Your instructions:
Look through the entries below and extract exactly the lines from the one containing "Tiny photo for" through the one containing "La presidenta del", ends included.

Material provided:
++++++++++

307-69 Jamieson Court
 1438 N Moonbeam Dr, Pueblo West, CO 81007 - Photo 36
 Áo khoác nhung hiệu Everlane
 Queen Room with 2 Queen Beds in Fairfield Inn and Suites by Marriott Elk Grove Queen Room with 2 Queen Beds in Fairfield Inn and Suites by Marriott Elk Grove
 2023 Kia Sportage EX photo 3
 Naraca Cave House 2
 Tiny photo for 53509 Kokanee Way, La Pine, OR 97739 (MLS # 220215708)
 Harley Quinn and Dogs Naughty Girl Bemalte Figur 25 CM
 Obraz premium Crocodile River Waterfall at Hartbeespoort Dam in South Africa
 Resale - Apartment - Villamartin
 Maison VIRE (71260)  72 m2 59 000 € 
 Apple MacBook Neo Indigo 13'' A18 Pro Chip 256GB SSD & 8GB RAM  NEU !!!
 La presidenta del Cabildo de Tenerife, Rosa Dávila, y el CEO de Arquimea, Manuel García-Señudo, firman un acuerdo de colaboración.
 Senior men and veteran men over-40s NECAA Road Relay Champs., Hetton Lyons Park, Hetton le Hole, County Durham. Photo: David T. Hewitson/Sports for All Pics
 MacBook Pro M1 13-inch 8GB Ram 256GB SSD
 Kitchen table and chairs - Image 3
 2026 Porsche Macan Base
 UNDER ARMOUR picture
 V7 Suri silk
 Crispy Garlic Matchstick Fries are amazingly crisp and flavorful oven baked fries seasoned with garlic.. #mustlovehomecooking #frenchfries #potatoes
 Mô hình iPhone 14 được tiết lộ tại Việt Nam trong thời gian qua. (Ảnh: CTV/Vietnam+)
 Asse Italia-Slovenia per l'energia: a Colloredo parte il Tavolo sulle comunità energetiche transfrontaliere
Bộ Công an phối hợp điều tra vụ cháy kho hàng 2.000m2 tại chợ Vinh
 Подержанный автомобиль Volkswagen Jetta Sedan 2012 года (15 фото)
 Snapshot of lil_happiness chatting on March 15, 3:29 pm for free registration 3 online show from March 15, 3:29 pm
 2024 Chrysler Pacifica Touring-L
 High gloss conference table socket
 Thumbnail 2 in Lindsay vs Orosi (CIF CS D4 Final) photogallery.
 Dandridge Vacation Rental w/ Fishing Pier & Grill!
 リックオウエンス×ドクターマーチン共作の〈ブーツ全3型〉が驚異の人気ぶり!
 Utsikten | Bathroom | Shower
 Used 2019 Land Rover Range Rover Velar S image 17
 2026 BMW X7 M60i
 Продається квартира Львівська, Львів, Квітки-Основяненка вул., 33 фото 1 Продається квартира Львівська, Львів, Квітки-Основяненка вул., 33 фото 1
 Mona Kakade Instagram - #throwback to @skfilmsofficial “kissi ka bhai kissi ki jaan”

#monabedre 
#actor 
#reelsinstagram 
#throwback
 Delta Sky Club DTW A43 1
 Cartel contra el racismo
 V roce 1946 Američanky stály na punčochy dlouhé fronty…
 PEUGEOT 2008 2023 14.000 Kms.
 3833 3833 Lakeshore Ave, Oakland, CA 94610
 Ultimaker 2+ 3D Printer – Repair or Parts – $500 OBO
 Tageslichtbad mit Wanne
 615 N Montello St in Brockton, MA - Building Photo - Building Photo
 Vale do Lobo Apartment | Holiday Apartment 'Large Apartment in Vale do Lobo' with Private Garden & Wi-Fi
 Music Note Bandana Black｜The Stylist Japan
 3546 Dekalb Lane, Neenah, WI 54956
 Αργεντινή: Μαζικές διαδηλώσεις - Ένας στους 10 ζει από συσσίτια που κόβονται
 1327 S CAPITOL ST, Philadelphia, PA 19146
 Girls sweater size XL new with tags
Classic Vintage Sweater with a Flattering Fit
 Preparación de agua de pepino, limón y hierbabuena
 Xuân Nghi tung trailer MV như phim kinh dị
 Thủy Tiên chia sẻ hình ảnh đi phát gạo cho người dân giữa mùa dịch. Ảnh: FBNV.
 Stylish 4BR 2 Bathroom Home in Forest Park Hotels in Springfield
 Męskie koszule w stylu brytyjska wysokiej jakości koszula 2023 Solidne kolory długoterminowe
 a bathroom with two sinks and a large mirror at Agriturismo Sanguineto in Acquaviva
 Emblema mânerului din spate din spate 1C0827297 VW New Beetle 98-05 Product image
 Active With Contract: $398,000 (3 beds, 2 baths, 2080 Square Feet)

++++++++++

Response to this exercise:
 Tiny photo for 53509 Kokanee Way, La Pine, OR 97739 (MLS # 220215708)
 Harley Quinn and Dogs Naughty Girl Bemalte Figur 25 CM
 Obraz premium Crocodile River Waterfall at Hartbeespoort Dam in South Africa
 Resale - Apartment - Villamartin
 Maison VIRE (71260)  72 m2 59 000 € 
 Apple MacBook Neo Indigo 13'' A18 Pro Chip 256GB SSD & 8GB RAM  NEU !!!
 La presidenta del Cabildo de Tenerife, Rosa Dávila, y el CEO de Arquimea, Manuel García-Señudo, firman un acuerdo de colaboración.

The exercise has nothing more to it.